However beautiful your site and however compelling your content, all of that effort is wasted if users hit the homepage and can’t figure out where to go from there. Poorly conceived site architecture is responsible for increasing bounce rates and lowering conversion rates. And, if you think that you have trouble with shoddy site architecture, spare a thought for poor Googlebot, which is nowhere near as smart as the average user and is tasked with making sense of it all.
I’ve seen websites with their best content hidden away in a cross-linked oubliette that even the most determined crawler or user won’t come across without the intervention of a miracle. It’s a shame, because a lot of value is lost to companies because of ill-thought through design or sites whose design shows no evidence of thought at all and are seemingly the result of boardroom politicking rather than any coherent design process.
We’re going to take a look at 5 simple, high-level tests that you can apply to your site to determine whether it needs improvement.
Is It Crawlable?
Look at your home page and consider the journey a user has to take to the rest of your content. Is it simple for them to follow a short series of links to reach every part of your site? If the answer is no, then you probably have areas of the site which are cut off from the rest.
Search engine crawlers find their way around the site by following links from one page to the next. If there are pages or sets of pages that cannot be reached in this way, then the crawler can’t find them and they will have no way to appear in search engine indexes.
How Long Is The Ideal User Journey To Conversion?
In ideal circumstances, it should take no more than three or four clicks from the homepage to reach every other part of the site.

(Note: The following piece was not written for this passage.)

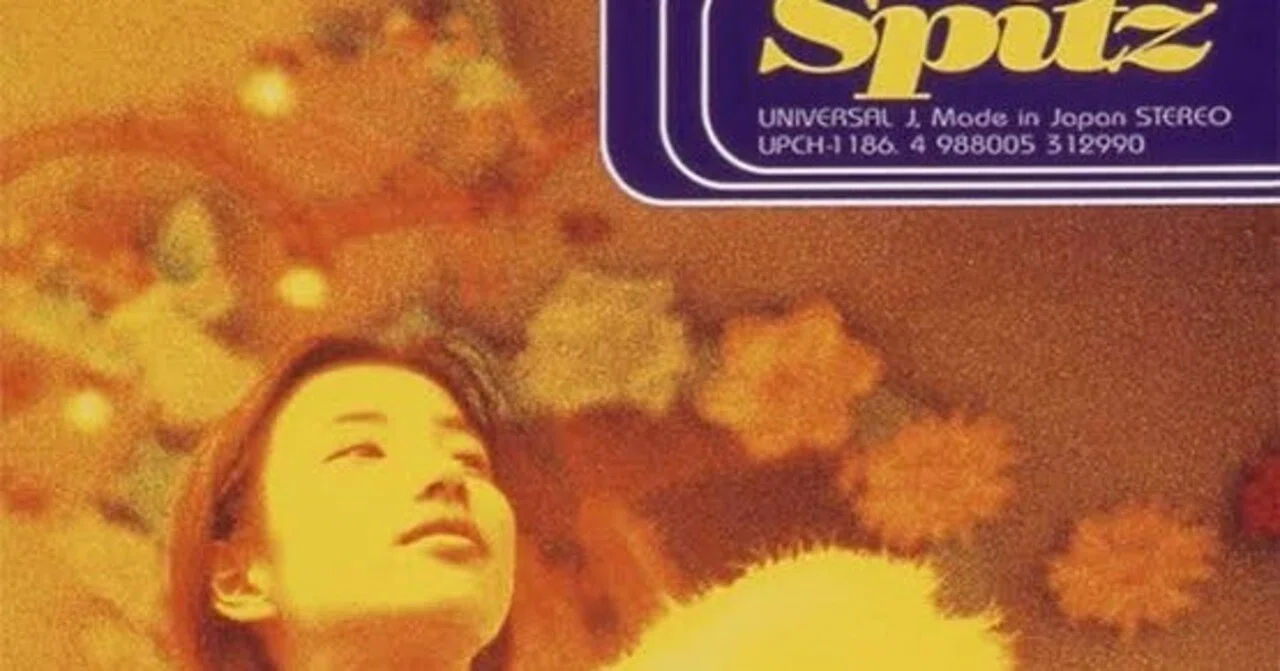 スピッツ - 空の飛び方 ( 1994 / 5th )｜山の太陽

That doesn’t mean you should just overload your homepage with dozens of links, which won’t make it any less confusing. Instead, the whole architecture of the site and the relationship of pages to each other should be designed to ensure the journey to the required content is as short and meaningful as possible.
This is especially true for sites trying to elicit a conversion. If users have to travel though a dozen pages before they can finally complete a sale or leave their contact information, a huge proportion of them will give up. A site with poor information architecture is a leaky site; users will fall out of the journey at every extra click.

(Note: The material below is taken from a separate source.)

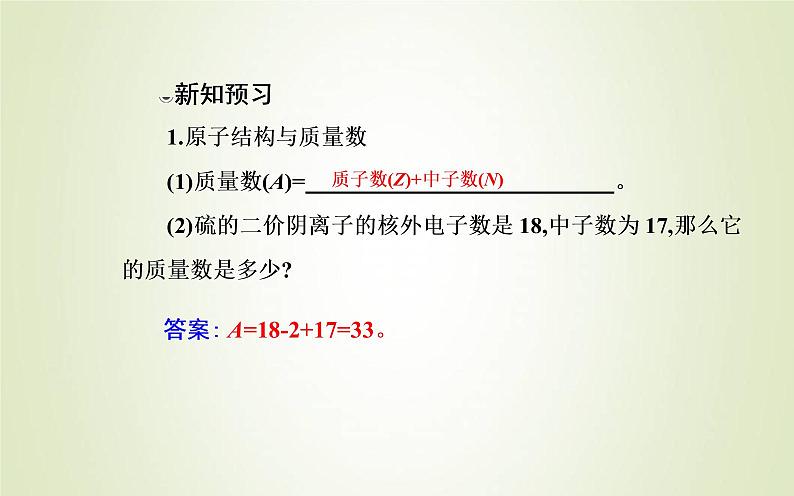 新人教版高中化学必修第一册第四章物质结构元素周期律第一节课时1原子结构元素周期表课件05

Is Your Content Richly Cross-Linked?
Context is important for search engine crawlers and part of the context is provided by relevant links between content. As Googlebot traverses your site it will make note of which pages link together and try to figure out how they are related to each other. Each link into a page provides it with more exposure to the search engines.
Internal cross linking architectures are a complex topic, and it’s possible to overdo it. Check out this article from Moz for more detailed information.

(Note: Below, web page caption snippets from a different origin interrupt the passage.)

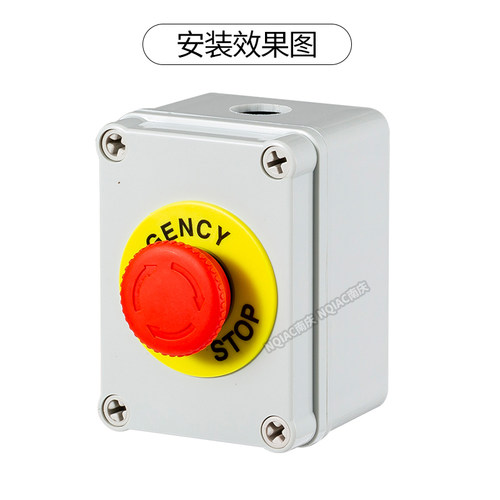 急停按钮标牌 黄牌警示告圈 按钮开关 防护圈标志外径40MM60 90 - 图1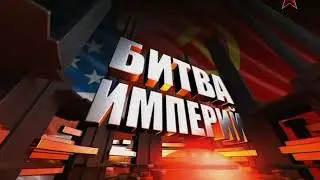 Битва империй Афганистан 2/6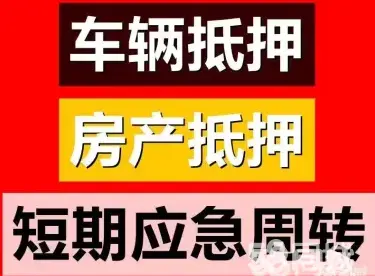 58车抵贷(抵贷车可以买吗)？ (https://www.tyhrongzi.com/) 知识问答 第67张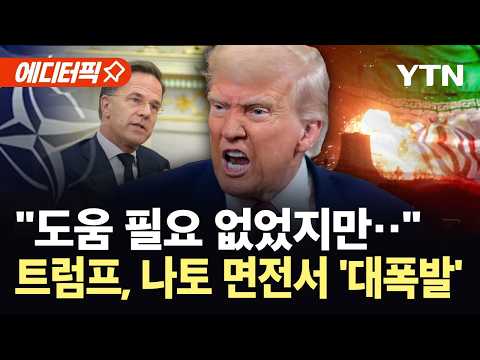 [에디터픽] 나토 수장 앞에서 분노 폭발한 트럼프..."필요한 건 충성심 뿐" / YTN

Are You Hiding Your Best Content In Sliders?
Sliders can be a great way to display information, but they can also be a great way to hide it. As a general rule, if you really need your users to see a particular piece of content or branding, don’t put it into a slider. It’s become much more popular to spread out information over longer pages that users have to scroll through – the iPhone 5S page being a prominent example.
Don’t be afraid to make users scroll; it’s natural for them to do so, which isn’t the case with clicking through sliders.
Website architecture is a complex subject, but like the related fields of SEO and CRO, it’s not difficult to understand the basic concepts involved. If you remember only two things from this article, remember:
All content and conversion goals on a site should be reachable in a small number of clicks.
If you can’t get to it with a link, neither can Googlebot.